Zitronenmuffins mit Pistazien

Und wenn ihr euch auch ein bisschen Sommer-Feeling auf den Teller holen wollt, empfehle ich euch diese kleinen süßen Muffins. Die Idee für das Rezept stammt aus dem Mutti Magazin, hier gibt es das ganze als saftigen Kuchen. Der ist bestimmt auch lecker. Aber meine Liebe zu süßen Kleinigkeiten und die immer größer werdende Sammlung an Papier-Muffin-Förmchen hat meine Wahl auf Muffins fallen lassen.

Zitronenmuffins

Mini-Zitronen-Muffins mit Pistazien
(ergibt ca. 20 Stück)

Zutaten:
60 g weiche Butter
100 g Zucker
1 Ei
100 g Mehl
1/2 TL Backpulver
75 g Mascarpone
1 Bio-Zitrone
50 – 100 g Puderzucker (je nach gewünschter Dicke des Zuckergusses)
gesalzene Pistazien für obendrauf

1. Rühre die Butter mit dem Zucker, bis es eine schöne hellcremige Masse ist und gib dann das Ei hinzu und rühre es für mind. eine Minute weiter, dadurch wird dein Teig schön fluffig. Heize den Backofen auf 150° C vor.

2. Mische in einer Schüssel das Mehl mit dem Backpulver und gib dann das Mehlgemisch, die Mascarpone sowie die abgeriebene Schale der ganzen Zitrone und den Saft der halben Zitrone zum Teig und verrühre es zügig, bis ein homogener Teig entstanden ist.

3. Fülle den Teig in ein gefettetes, oder ein mit Papierförmchen ausgekleidetes Backblech und backe ihn auf mittlerer Schiene für 12-15 Minuten.

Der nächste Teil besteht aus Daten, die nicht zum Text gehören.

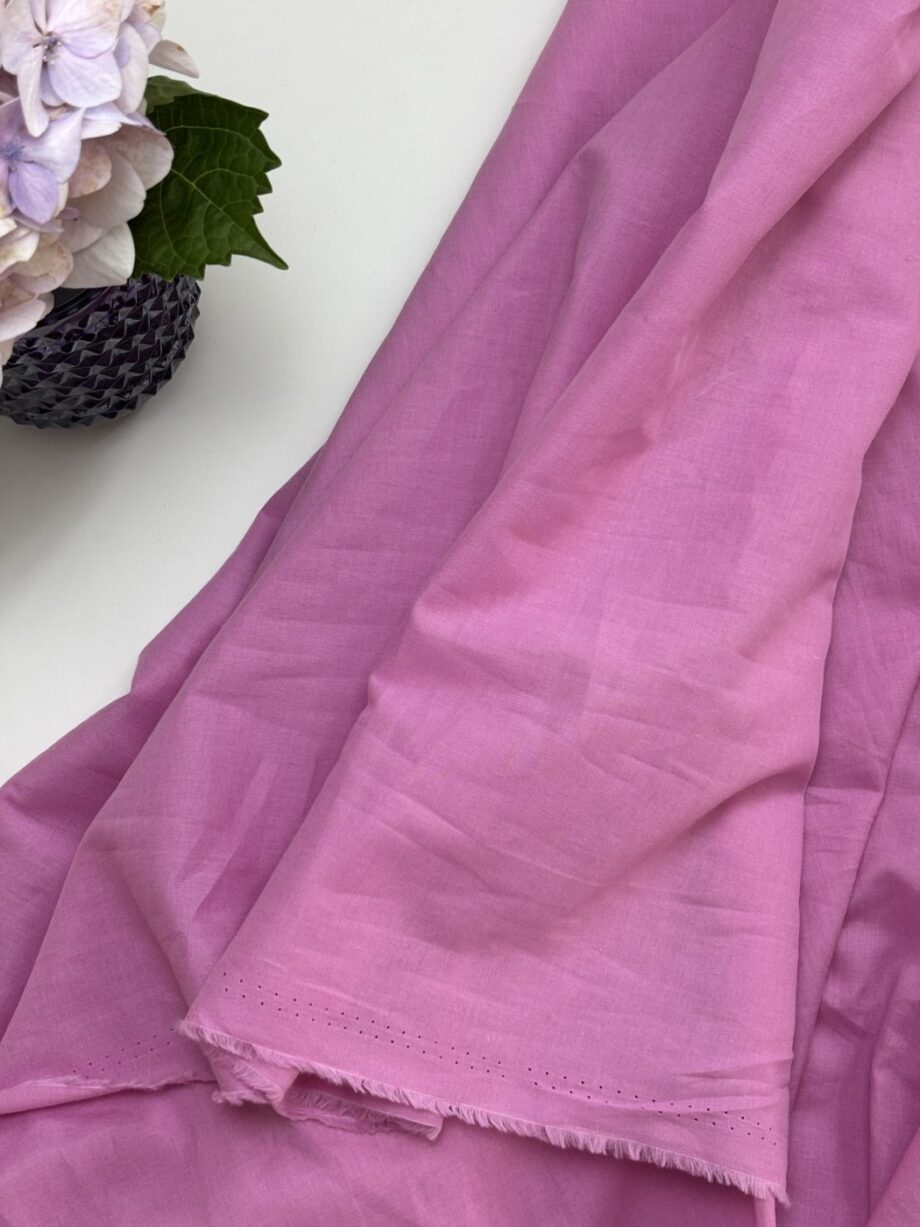 Popeline De Coton Uni Marco Coloris Orchidée Tissus Au Mètre Nuances Fabrics 3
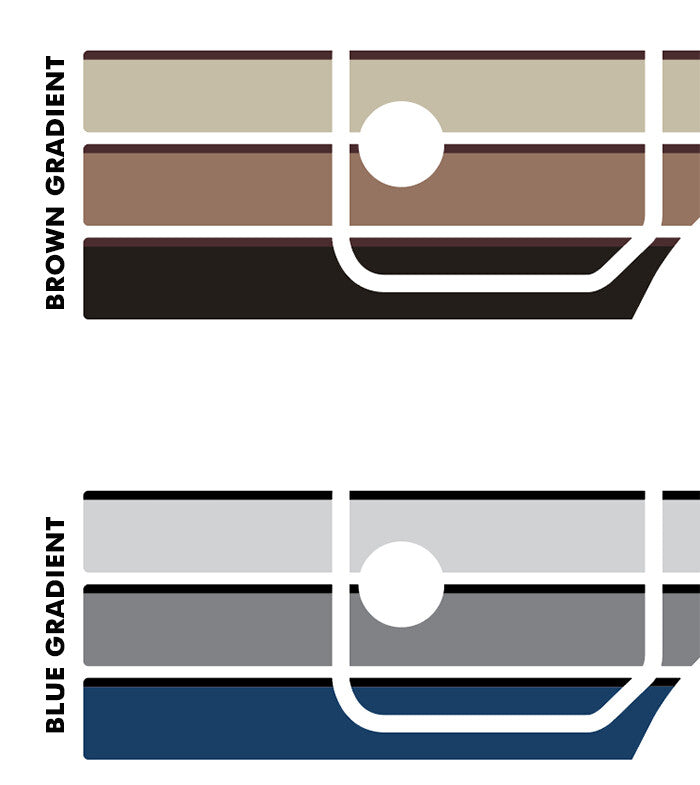 Brussels body stripe kit - BJ73/BJ74 MWB Land Cruiser colour reference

4. Wenn die Muffins ausgekühlt sind kannst du die Pistazien schälen und aus dem Puderzucker und ganz wenig Wasser (vorsichtig dosieren) einen Zuckerguss anühren. Bestreiche die Muffins dann damit und streue die Pistazien in den noch nassen Zuckerguss. Dann trocknen Lassen und den Sommer im Mund fühlen (und vielleicht kannst du dann sogar die Sonne auf deiner Haut kribbeln spüren).

 

Weiße Schoko-Cashew-Mini-Muffins

Hu, viel los in meinem Leben, ich hab einen neuen Job und starte dort gleich voll durch… nebenzu schließe ich den Anderen gerade noch ab, da kommt so einiges zusammen und das bisschen Haushalt macht sich halt doch nicht von allein 😉

Deswegen war es die letzte Zeit mal wieder etwas ruhiger hier. Ich möchte euch heute aber noch das Rezept für die Mini-Cashew-Weiße Schoko-Muffins zeigen, die ich gebacken habe, um mich von ein paar ganz tollen Frauen im „alten“ Job zu verabschieden.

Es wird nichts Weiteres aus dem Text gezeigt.